**About this task**
Would you return exactly the lines from the top of the data below through the one containing "BTS BT21 Pliušinė", leaving out the pictures?

**Data block**
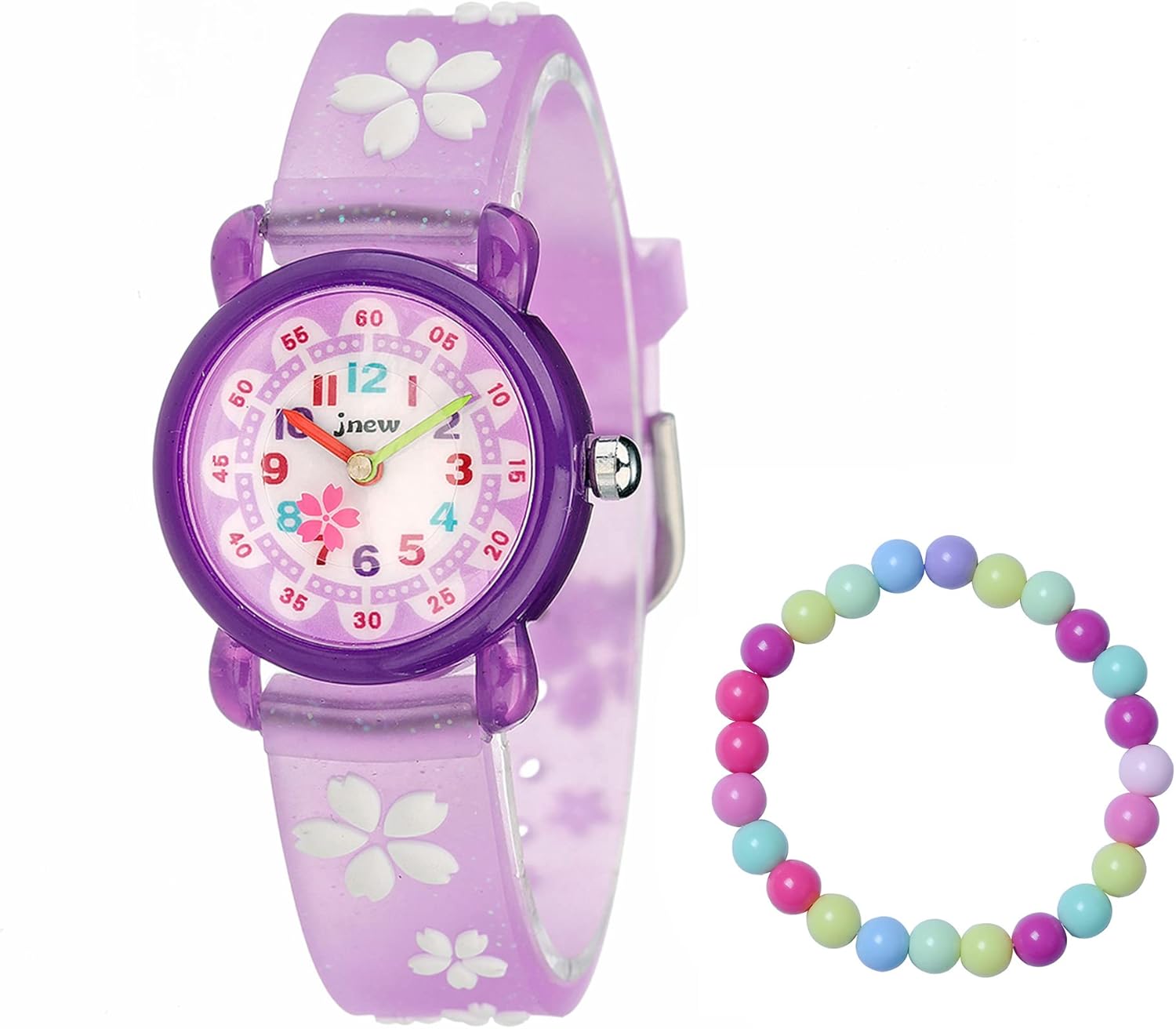 Orologio Bambina, 3ATM Impermeabile Quarzo Orologio da Polso con 3D Cartone Animato Cinturino in Silicone Orologio per Ragazze da 3-10 Anni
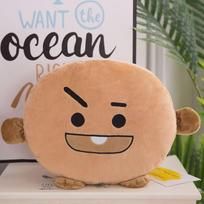 BTS BT21 Pliušinė komforto pagalvė Kpop namų dekoracija 30cm*30cm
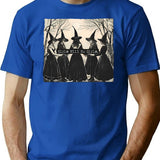 Vintage Girls Will Be Girls Witch T-Shirt for Men & Women, T-Shirts Graphic Tee - Blue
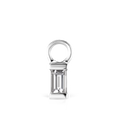 Diamond Baguette Charm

**Response to this task**
 Orologio Bambina, 3ATM Impermeabile Quarzo Orologio da Polso con 3D Cartone Animato Cinturino in Silicone Orologio per Ragazze da 3-10 Anni
 BTS BT21 Pliušinė komforto pagalvė Kpop namų dekoracija 30cm*30cm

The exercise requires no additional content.